Quel che dirò vale in campo letterario e linguistico, non ha alcun valore in campo politico. Sto avanzando delle riserve su alcune decisioni del nuovo governo. Nel nuovo governo son presenti con cariche ministeriali sei donne, e ognuna di esse nella presentazione ufficiale è stata chiamata “ministra” e non “ministro”. Lo trovo corretto e doveroso, non rivoluzionario: sono donne, di loro è giusto parlare al femminile. Poi però si va avanti con la notizia, e si scopre che Giorgia Meloni, nelle comunicazioni ufficiali, vien chiamata (il testo che ho qui davanti dice: «ha scelto di farsi chiamare») “il” presidente e non “la” presidente. Vedo anche che c’è una nota aggiunta dell’Accademia della Crusca, che dice così:
«Ognuno è libero di scegliere quale forma preferire». Non sono d’accordo né con Giorgia Meloni né con l’Accademia della Crusca. Avevo una collega scrittrice, una brava collega, con la quale mi son trovato a un incontro col pubblico, mi toccava presentarla, e l’ho chiamata “scrittrice”: lei s’è inalberata di colpo, m’ha strappato il microfono e m’ha corretto con veemenza: «Ma io pubblico con Einaudi e Feltrinelli, sono uno scrittore, non una scrittrice!».
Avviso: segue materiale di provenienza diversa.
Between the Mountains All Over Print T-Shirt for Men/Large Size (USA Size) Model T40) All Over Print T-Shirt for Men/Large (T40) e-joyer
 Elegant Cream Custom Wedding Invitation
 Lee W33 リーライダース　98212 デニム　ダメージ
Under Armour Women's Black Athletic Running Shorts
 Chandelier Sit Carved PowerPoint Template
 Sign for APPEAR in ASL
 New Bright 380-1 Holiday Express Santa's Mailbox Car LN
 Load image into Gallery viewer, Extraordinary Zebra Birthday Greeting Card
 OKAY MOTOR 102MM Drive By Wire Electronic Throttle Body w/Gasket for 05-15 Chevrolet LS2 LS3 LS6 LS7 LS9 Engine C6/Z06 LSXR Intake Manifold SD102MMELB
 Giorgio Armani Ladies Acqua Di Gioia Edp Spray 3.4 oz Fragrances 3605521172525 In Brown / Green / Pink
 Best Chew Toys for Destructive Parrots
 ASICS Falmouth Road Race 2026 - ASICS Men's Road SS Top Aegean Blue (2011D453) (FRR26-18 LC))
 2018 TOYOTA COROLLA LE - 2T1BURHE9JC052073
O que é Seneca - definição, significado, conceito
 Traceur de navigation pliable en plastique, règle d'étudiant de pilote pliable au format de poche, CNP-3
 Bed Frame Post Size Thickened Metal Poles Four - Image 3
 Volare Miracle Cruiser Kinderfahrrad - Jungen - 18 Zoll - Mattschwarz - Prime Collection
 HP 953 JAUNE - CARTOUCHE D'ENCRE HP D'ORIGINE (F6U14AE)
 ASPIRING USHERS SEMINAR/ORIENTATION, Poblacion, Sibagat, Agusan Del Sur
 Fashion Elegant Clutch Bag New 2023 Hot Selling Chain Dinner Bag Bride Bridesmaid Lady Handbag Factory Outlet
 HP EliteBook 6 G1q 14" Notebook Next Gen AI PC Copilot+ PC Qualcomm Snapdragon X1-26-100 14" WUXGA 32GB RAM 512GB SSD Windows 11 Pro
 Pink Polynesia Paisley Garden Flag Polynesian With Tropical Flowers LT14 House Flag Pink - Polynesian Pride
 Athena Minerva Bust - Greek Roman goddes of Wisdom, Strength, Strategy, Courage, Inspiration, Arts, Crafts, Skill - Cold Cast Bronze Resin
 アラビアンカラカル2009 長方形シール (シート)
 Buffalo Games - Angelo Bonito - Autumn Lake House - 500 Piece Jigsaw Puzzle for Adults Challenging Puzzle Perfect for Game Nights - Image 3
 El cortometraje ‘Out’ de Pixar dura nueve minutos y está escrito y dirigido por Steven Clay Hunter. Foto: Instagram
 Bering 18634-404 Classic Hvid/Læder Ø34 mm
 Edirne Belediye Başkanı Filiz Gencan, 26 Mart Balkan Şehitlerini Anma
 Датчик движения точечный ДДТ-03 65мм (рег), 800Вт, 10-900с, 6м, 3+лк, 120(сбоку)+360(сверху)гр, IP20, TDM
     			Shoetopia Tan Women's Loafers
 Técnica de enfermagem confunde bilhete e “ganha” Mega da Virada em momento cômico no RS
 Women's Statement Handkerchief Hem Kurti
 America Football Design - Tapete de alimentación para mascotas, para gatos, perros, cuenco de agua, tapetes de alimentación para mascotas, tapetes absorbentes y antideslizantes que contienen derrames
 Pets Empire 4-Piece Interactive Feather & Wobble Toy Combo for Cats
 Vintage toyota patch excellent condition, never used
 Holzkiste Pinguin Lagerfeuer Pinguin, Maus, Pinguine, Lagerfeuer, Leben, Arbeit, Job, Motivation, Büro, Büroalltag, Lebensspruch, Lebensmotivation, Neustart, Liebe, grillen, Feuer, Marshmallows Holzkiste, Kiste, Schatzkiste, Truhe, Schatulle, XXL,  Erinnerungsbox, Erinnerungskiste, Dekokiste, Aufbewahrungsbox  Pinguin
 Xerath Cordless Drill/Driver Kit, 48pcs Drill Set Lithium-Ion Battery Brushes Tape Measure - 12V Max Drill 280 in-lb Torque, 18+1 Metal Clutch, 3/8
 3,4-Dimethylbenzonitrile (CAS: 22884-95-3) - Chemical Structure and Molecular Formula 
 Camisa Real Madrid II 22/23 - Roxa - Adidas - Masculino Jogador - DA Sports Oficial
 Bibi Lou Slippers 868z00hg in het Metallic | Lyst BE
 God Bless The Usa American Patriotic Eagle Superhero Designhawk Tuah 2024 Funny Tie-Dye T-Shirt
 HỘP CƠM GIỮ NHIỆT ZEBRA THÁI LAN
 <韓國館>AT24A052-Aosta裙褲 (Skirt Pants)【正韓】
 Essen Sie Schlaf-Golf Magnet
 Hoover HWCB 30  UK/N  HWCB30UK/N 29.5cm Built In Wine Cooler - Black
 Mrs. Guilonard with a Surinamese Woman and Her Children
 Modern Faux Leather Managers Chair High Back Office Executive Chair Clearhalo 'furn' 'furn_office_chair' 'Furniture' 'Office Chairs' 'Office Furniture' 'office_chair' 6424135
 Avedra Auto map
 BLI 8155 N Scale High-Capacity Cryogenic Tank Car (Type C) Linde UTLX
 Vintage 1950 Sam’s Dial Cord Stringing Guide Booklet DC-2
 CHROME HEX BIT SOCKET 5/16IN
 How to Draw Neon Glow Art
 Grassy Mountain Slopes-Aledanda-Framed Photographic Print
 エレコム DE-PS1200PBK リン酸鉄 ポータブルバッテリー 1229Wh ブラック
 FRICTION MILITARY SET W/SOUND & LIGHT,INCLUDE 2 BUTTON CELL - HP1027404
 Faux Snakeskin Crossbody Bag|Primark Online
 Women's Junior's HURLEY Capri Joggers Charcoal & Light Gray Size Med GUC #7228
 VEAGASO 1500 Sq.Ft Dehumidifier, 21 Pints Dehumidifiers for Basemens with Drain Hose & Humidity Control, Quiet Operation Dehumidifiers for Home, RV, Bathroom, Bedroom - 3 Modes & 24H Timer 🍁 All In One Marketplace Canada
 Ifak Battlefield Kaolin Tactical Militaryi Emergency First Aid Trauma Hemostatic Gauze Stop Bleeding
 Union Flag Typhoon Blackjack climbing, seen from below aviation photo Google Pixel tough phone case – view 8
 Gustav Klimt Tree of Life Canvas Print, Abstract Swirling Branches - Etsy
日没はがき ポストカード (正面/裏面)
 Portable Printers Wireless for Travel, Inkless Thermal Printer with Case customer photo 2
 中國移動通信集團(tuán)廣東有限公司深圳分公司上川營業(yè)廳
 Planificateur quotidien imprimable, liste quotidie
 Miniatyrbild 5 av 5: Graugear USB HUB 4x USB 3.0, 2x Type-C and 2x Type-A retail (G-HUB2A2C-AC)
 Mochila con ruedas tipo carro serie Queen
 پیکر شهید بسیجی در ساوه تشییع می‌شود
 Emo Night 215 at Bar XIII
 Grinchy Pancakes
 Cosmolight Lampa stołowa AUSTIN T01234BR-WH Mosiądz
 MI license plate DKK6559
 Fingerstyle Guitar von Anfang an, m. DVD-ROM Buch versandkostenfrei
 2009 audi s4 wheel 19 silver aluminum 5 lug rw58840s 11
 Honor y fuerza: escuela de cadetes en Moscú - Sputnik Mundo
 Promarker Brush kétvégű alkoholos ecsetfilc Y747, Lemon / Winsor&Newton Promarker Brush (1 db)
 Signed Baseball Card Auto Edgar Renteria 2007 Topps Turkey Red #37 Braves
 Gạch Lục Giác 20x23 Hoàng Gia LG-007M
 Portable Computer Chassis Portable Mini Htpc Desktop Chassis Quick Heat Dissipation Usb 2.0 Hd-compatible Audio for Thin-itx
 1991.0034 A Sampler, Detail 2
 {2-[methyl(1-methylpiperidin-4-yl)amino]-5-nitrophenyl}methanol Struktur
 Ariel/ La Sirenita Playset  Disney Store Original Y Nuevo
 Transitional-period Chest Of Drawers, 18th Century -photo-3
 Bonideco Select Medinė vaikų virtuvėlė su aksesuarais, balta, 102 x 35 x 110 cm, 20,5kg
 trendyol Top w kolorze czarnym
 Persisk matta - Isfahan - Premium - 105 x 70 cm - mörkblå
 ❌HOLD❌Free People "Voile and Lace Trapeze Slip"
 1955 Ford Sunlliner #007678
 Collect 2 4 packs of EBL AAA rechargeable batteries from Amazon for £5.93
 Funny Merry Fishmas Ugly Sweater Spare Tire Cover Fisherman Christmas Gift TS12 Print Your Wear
Ho capito che s’era offesa. A lei “scrittrice” sembrava meno che “scrittore”. Per tutta la vita, era cresciuta e aveva lavorato ammirando gli scrittori, e sognando di diventare come loro, adesso era giunto il momento e pubblicava i suoi libri con i loro stessi editori, era come loro, meritava lo stesso titolo di “scrittore”, perché dunque chi la presentava la chiamava “scrittrice”? Se una che scrive libri entra in un’antologia intitolata “Scrittori del nostro tempo”, è anche lei uno “scrittore”, con dignità pari a tutti gli altri. Se la chiami “”scrittrice” la separi in una stanzetta a parte e minore.
Da scrittore-uomo dico subito che mi pare un timore assurdo. La verità è l’esatto contrario. Un editore pubblica più volentieri una donna che un uomo. Un lettore o una lettrice comprano più facilmente il libro di una donna che il libro di un uomo. Essere una scrittrice è più interessante. E così essere “una” presidente del consiglio è più “carico” che essere un presidente. A me pare che Giorgia Meloni, chiamando sé stessa “il presidente del Consiglio” invece che “la presiden-te”, lascia cadere per strada gran parte del fascino che sta nella sua carica.
La notizia della sua nomina a quel ruolo sta anche e soprattutto nel fatto che lei è donna, e quel ruolo finora è stato affidato sempre (sempre) a uomini. Se vuol presentare correttamente e compiutamente sé stessa deve dire “la presidente”, non è vero che può usare il termine che vuole. La Crusca sbaglia. Alla Crusca stanno professori, non scrittori.